» DIRECTIONS
Return all the data exactly, keeping the pictures out.

» MATERIAL PROVIDED
--*--

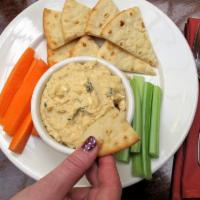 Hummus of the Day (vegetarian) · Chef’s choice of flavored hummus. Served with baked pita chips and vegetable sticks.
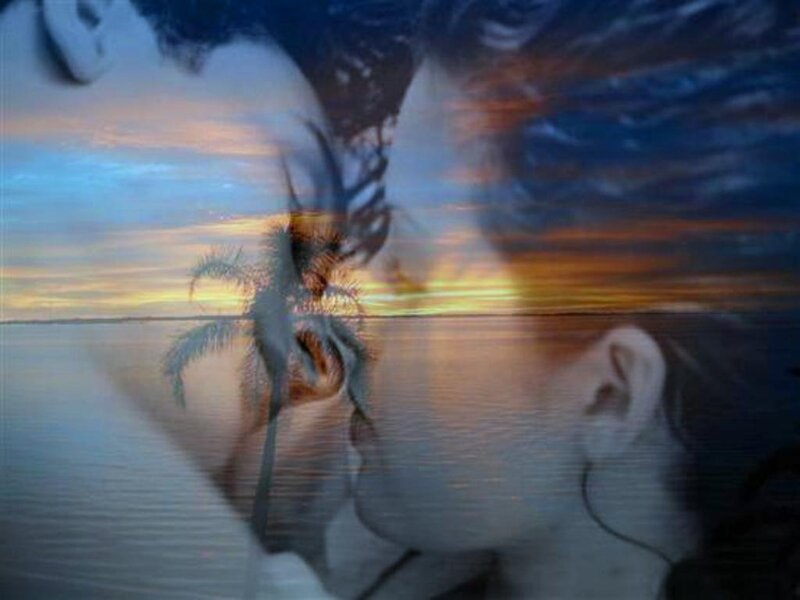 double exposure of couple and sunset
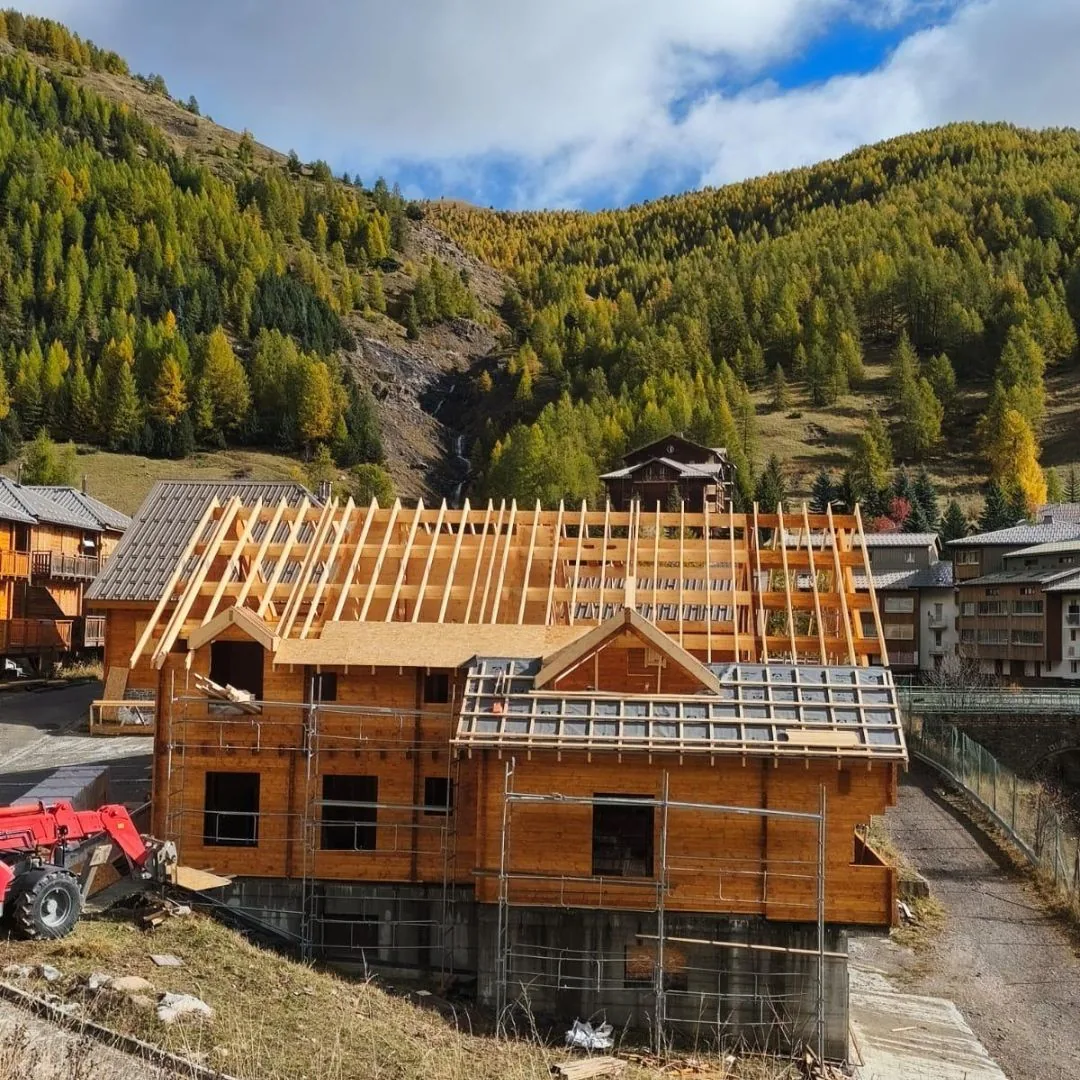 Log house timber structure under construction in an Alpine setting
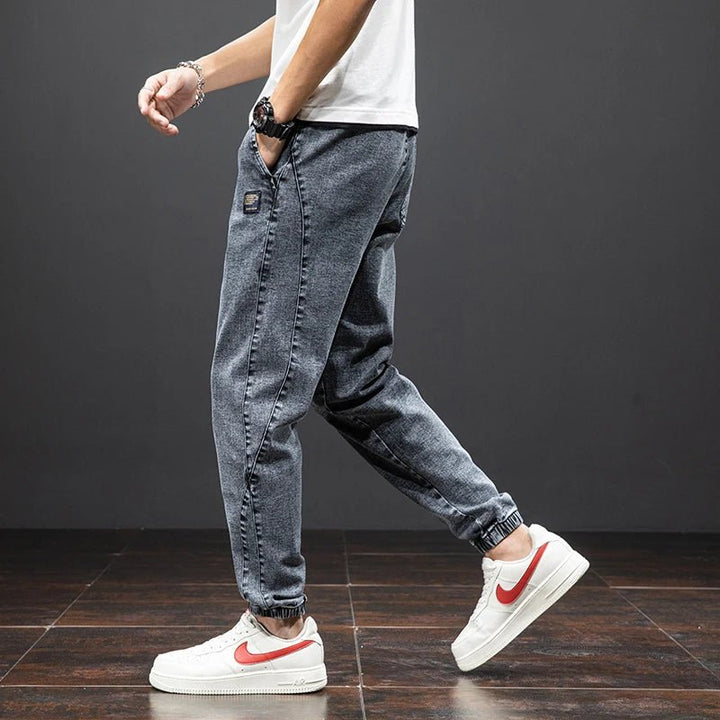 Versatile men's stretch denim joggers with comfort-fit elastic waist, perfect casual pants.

--*--

» ANSWER BOX
 Hummus of the Day (vegetarian) · Chef’s choice of flavored hummus. Served with baked pita chips and vegetable sticks.
 double exposure of couple and sunset
 Log house timber structure under construction in an Alpine setting
 Versatile men's stretch denim joggers with comfort-fit elastic waist, perfect casual pants.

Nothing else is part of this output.